I don't disagree.  In my branch of Goju-ryu, beginners learn the kata Sanchin within the first 3 months.  They'll be doing it for the rest of their lifetime if they continue training as the form is one of the foundation key points to developing and maintain their alignment and posture.  Obviously, an experienced observer will be able to recognize how far along a Goju-ryu practitioner is by how adept his Sanchin is.


----------



## dancingalone (Oct 26, 2016)

To get back to the topic, in TKD block teaching isn't so horrible so long as the levels aren't too far apart.  It's probably fine to have the first 2 or 3 beginning ranks learning the same material even if it is out of order for some.  Greater a ranger than that, I would have some major concerns about it myself.

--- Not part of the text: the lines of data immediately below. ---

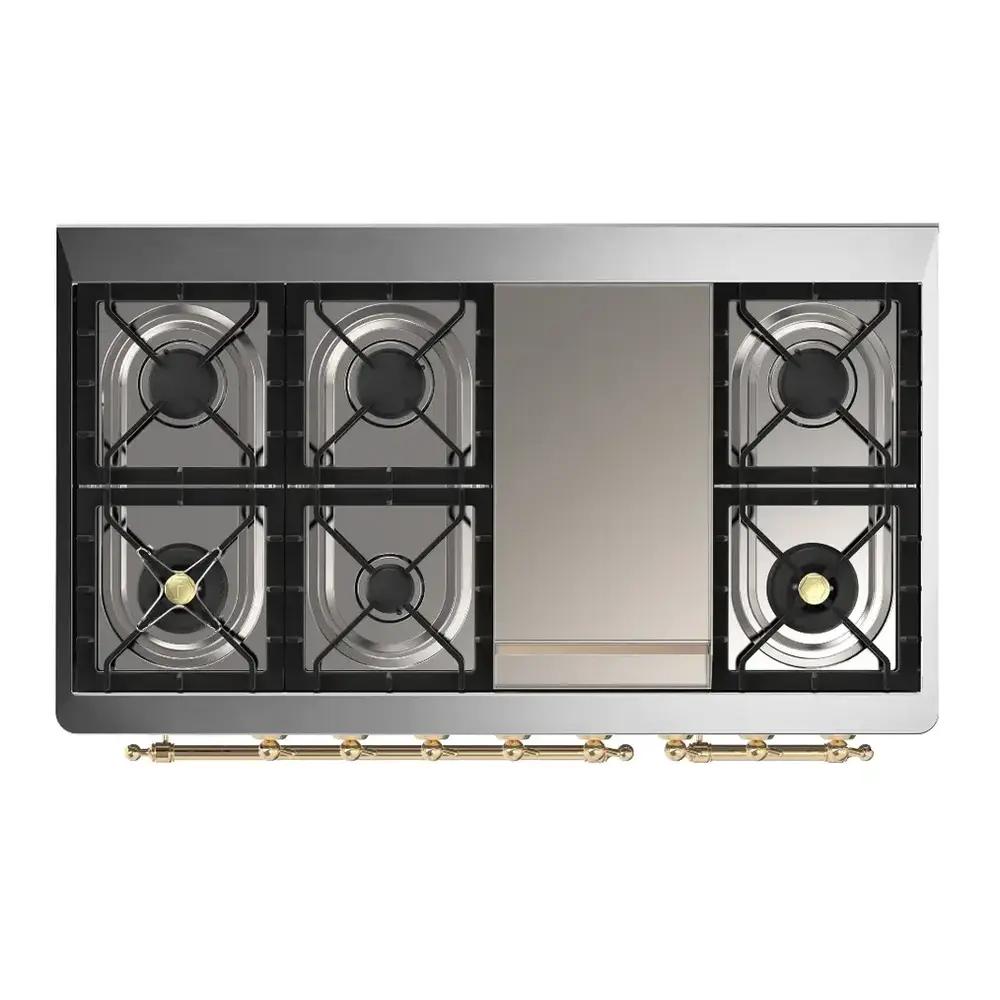 ILVE UM48FNR3RAGLP Majestic III 48 inch Dual Fuel Range with 8 Burners and Griddle, Dual Function Burner up to 25,000 BTU (Liquid Propane, Triple Glass Door, RAL, Brass)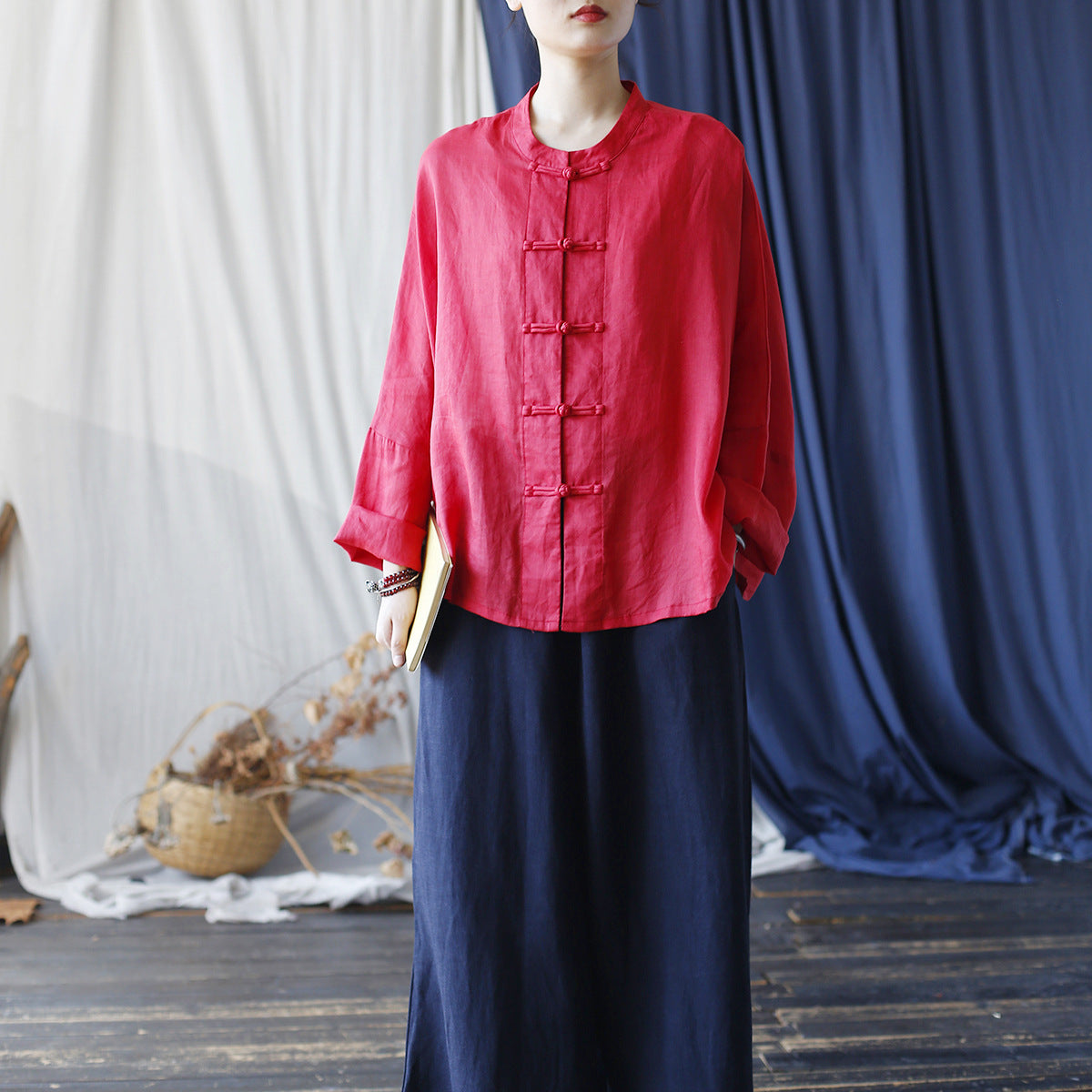 Summer Standing Collar Women Ramie Frog Button Shirt, Literary Retro Long Sleeve Loose Light Cardigan 20240802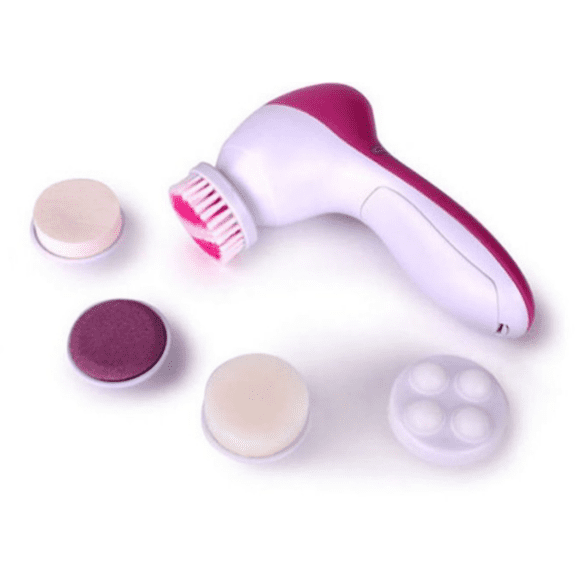 5-in-1 Rechargeable Facial Cleansing Spin Brush Set with 5 Exfoliating Brush Heads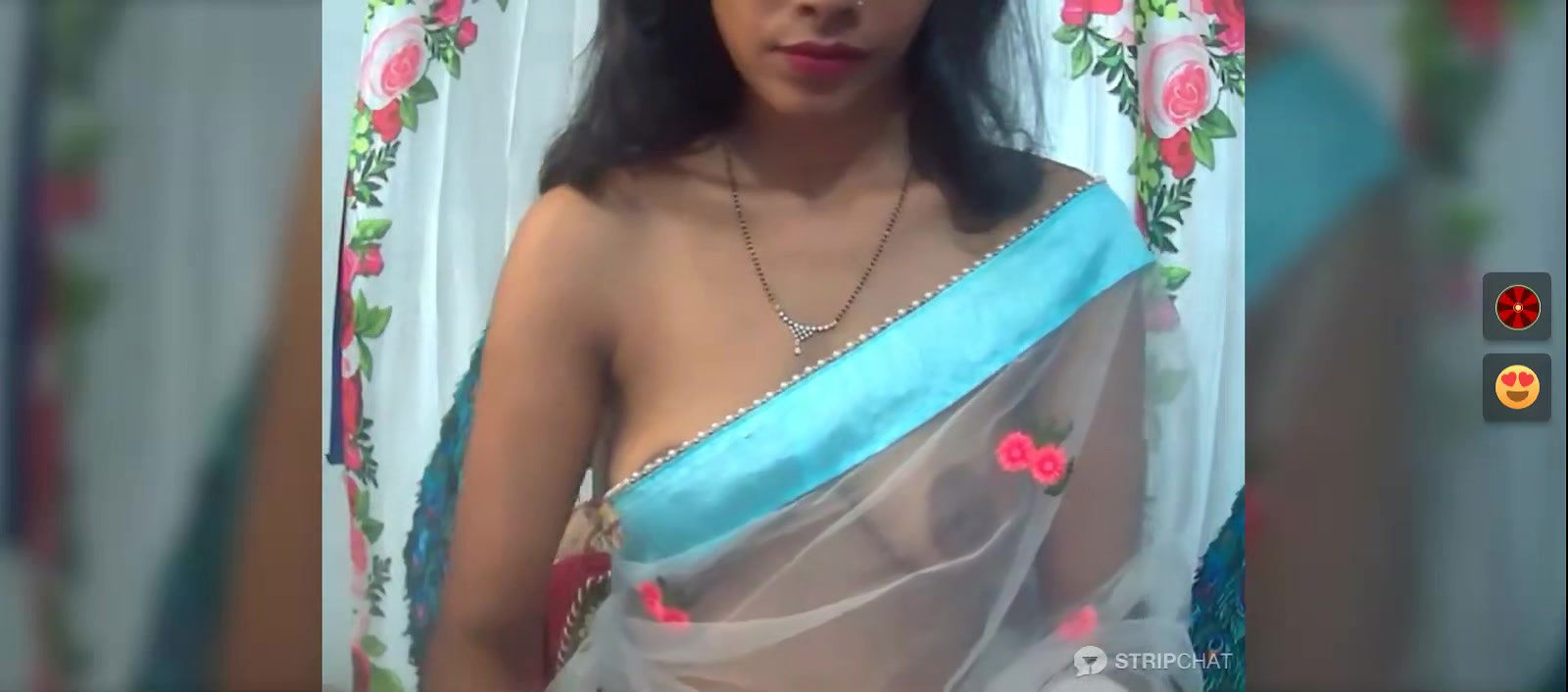 Sexy Bhabhi in See through Saree without blouse Exposing Boobs 22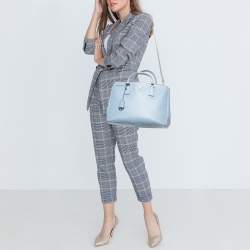 Pre Owned Prada Sky Blue Saffiano Lux Leather Medium Double Zip Tote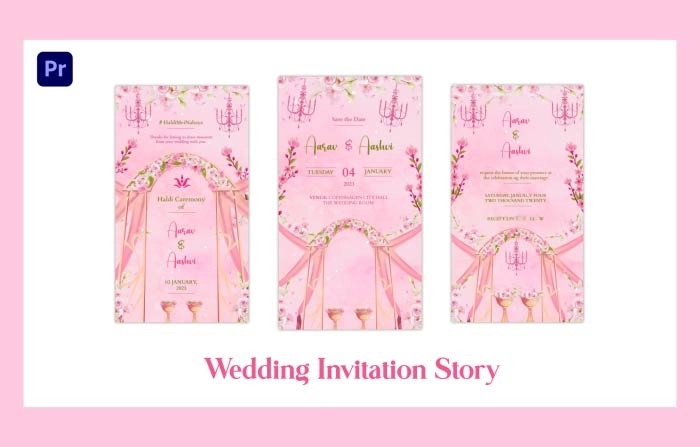 Traditional Wedding Invitation Instagram Story Premiere Pro Template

Block teaching is basically a convenience for school owners that have insufficient slots of time and not enough qualified teachers to suit all their students.  This is a good problem to have business wise, but the style of pedagogy is not the best truly for students.  IMO that's extended time spent with a teacher with small classes of 3-4, but this method isn't a money maker and honestly it's suited only for dedicated, serious learners.


----------



## Gerry Seymour (Oct 26, 2016)

dancingalone said:


> To get back to the topic, in TKD block teaching isn't so horrible so long as the levels aren't too far apart.  It's probably fine to have the first 2 or 3 beginning ranks learning the same material even if it is out of order for some.  Greater a ranger than that, I would have some major concerns about it myself.
> 
> Block teaching is basically a convenience for school owners that have insufficient slots of time and not enough qualified teachers to suit all their students.  This is a good problem to have business wise, but the style of pedagogy is not the best truly for students.  IMO that's extended time spent with a teacher with small classes of 3-4, but this method isn't a money maker and honestly it's suited only for dedicated, serious learners.



As an instructor, I'll vote that tiny classes are not the best for some instructors. I tend to meddle too much when I have a very small class. My students do best when I have to leave them alone some and make them figure a few things out on their own. I know this, so have to make up work for myself if I have classes smaller than about 6 or 7 (which is almost always at present). I prefer classes in the 10-15 range - that seems to be where there's the right mix of instructor availability and student independence. 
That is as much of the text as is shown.